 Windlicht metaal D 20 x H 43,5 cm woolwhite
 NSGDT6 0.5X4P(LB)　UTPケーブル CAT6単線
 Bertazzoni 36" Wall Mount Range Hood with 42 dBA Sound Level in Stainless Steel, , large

---

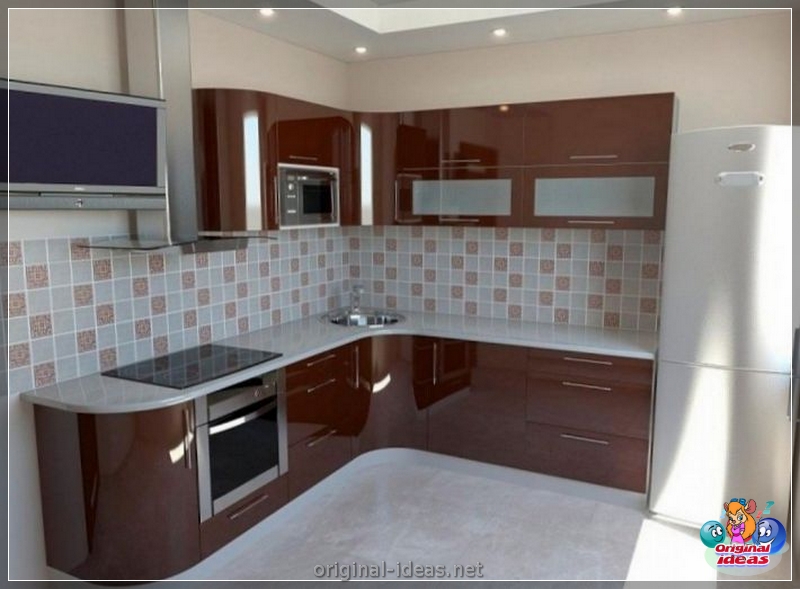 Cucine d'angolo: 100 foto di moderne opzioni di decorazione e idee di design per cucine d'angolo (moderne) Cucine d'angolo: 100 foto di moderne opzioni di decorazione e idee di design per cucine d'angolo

* * *

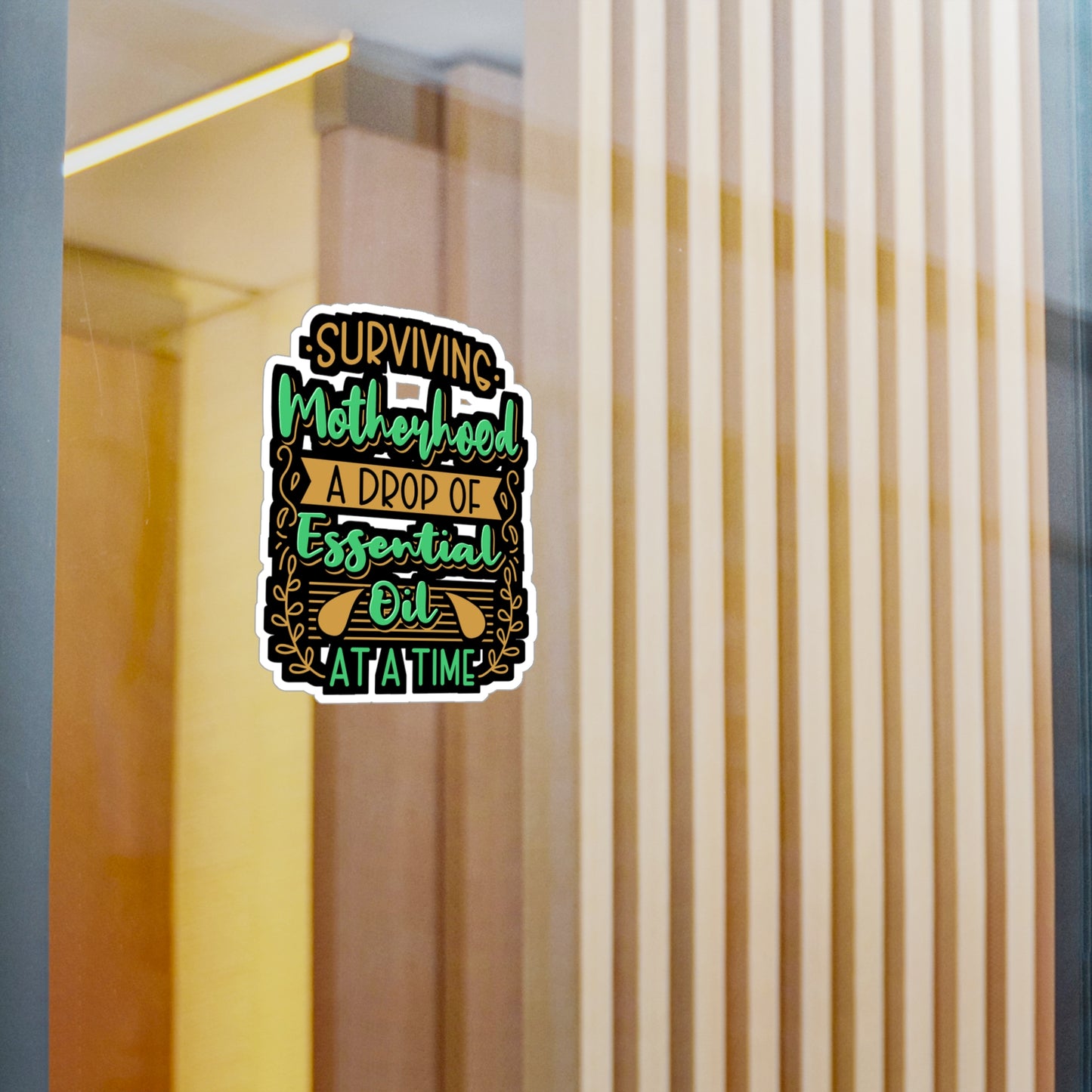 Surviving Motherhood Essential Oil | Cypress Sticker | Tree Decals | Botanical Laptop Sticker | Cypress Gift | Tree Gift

Work to be completed –
Once you find the line with "NSGDT6 0.5X4P(LB)　UTPケーブル CAT6単線" in the entries above, output it and each line after it up to and including the line with "Steel, , large", and nothing else.

Answer to the problem –
 NSGDT6 0.5X4P(LB)　UTPケーブル CAT6単線
 Bertazzoni 36" Wall Mount Range Hood with 42 dBA Sound Level in Stainless Steel, , large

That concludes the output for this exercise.